Luego viene una etapa de revolución que se evidencia en la construcción de infraestructura que antes estaba regentada por el sector privado, como en el área hidroeléctrica donde se sustituyeron las barcazas, negocio particular por centrales que dan al país la soberanía energética, reseñó.

Otro aspecto que destacó Villacrés es que ha habido una transición de un estado monocéntrico a uno pluricéntrico. Mientras Casado pone de relieve una mayor participación de los ciudadanos en los asuntos políticos.

Inestabilidad y surgimiento de la Revolución Ciudadana

Las políticas neoliberales establecidas a principio de los años noventa dieron paso al “salvataje” bancario a principios de marzo de 1999, la quiebra del sistema financiero y, finalmente, a la peor crisis económica de la historia nacional con la pérdida de la moneda en el año 2000.  

La inestabilidad política de los gobiernos de derecha provocó la salida de tres presidentes en apenas diez años (en ese periodo en total gobernaron 7 mandatarios) destituidos en medio de revueltas populares.

Abdalá Bucaram (el 5 de febrero de 1997), Jamil Mahuad (el 21 de enero de 2000) y Lucio Gutiérrez (el 20 de abril de 2005) debieron dejar el poder de forma abrupta.

El 26 de noviembre de 2006 Rafael Correa venció en el balotaje –con 56,67%, al empresario bananero Álvaro Noboa.  

Durante la campaña previa, el candidato Correa propugnó un rol más decisivo del Estado, la oposición al Tratado de Libre Comercio con Estados Unidos, generación de empleo a través de obras públicas, el incremento del monto de subsidios a los más necesitados, facilitar el crédito para producción y vivienda con tasas preferenciales y a largo plazo.

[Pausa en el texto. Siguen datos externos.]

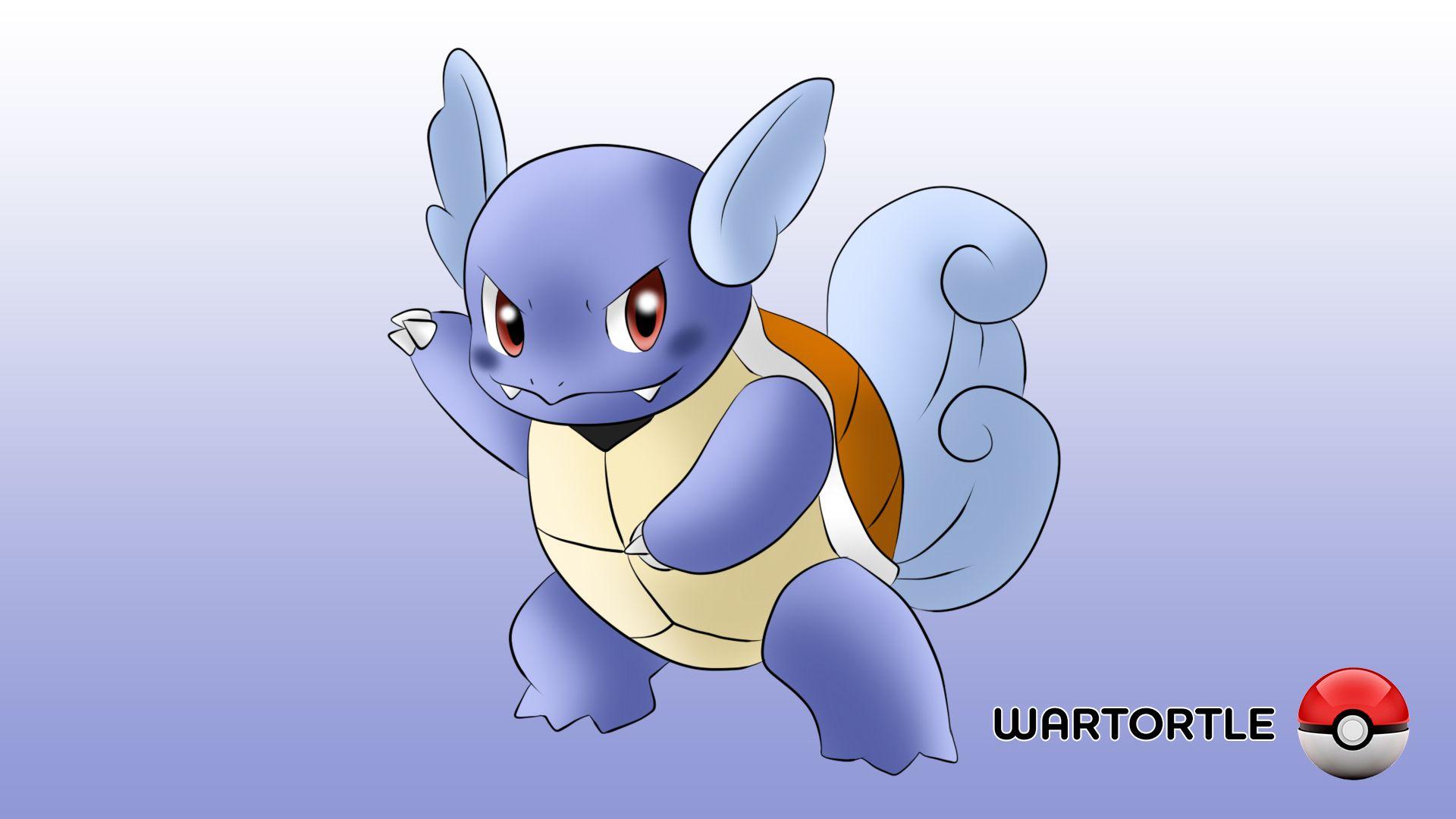 Wartortle Hd Wallpapers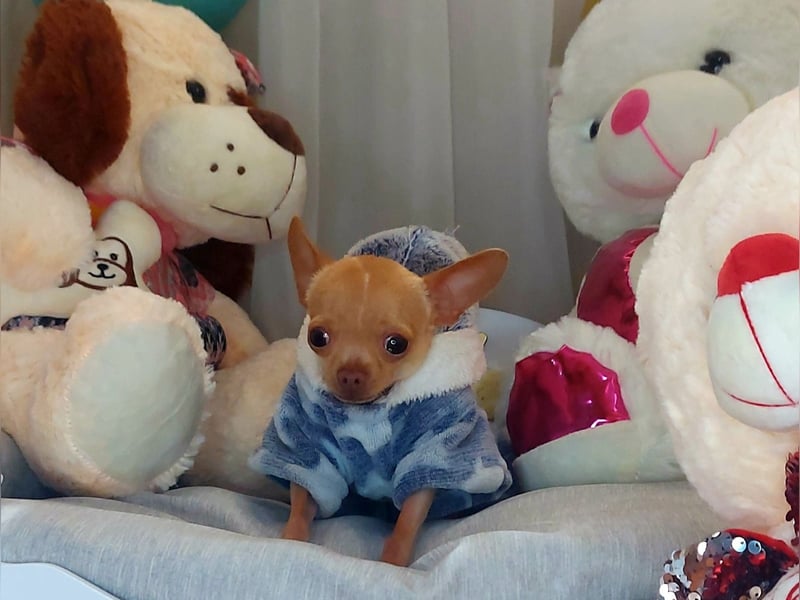 Wunderschöner kleiner Chihuahua-Rüde 2 Jahre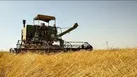 پایان برداشت کلزا در خرمشهر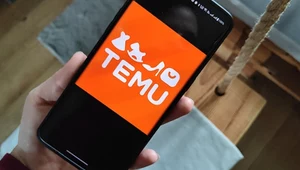 Temu ma już prawie 94 mln użytkowników w UE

El cambio de estructuras comenzó con la Asamblea Constituyente, iniciativa que obtuvo el 81,5% de respaldo el 15 de abril de 2007.

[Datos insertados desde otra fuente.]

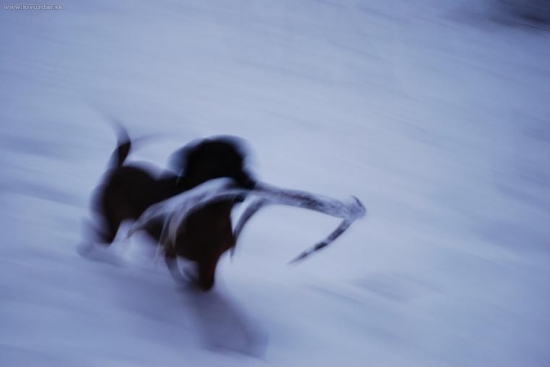 barvář a jelení shoz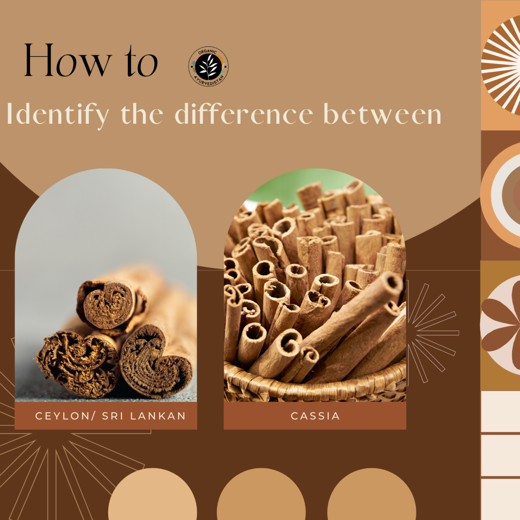 Cassia cinnamon sticks - Image 4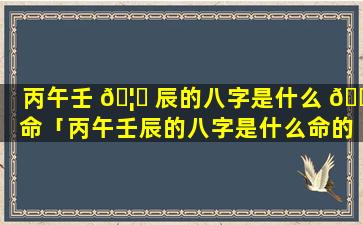 丙午壬 🦉 辰的八字是什么 💐 命「丙午壬辰的八字是什么命的」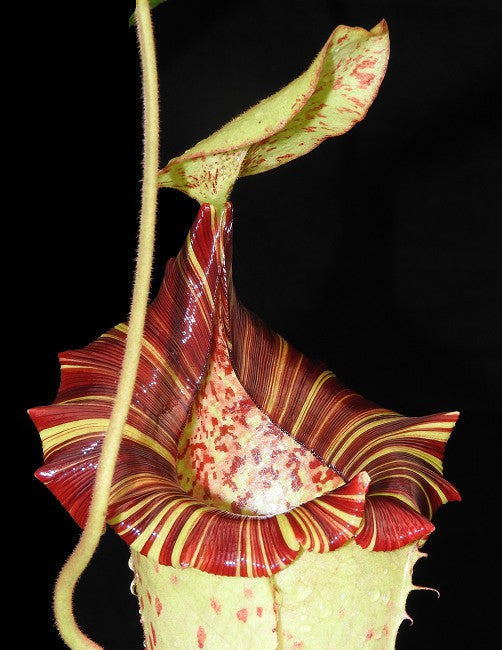 N. x (veitchii x lowii) x platychila  BE-3920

A finales de julio de 2008, el Tribunal Supremo Electoral ratificó el llamado a referéndum, que se realizó el 28 de septiembre donde el Sí registró el 63,93% de votación. De allí en adelante, Ecuador dio un giro en su institucionalidad, leyes, rol del Estado en la sociedad, a esto se lo conoce como la Revolución Ciudadana.

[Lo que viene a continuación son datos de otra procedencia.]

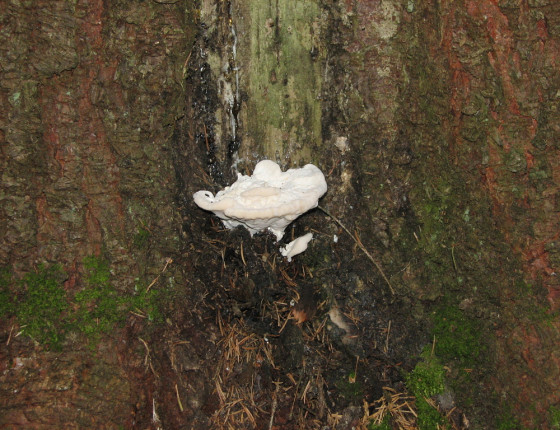 Plodnice na smrku, ŠLP ML Křtiny 2005.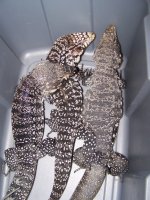 3 Adult B & W Tegus 005.jpg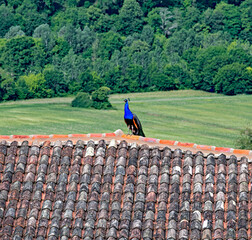 Clay tile roof in the garden of Marqueyssac with a blue peacock on the ridge, France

Se suma una revolución en las leyes para el funcionamiento del Estado, la disminución de la pobreza, de la desigualdad, un mayor acceso a la educación, el crecimiento de la economía, la disminución del empleo y una mayor cobertura de la seguridad social, acceso a salud y una gran inversión en la construcción de infraestructura vial, energética, proyectos de riego, entre otras.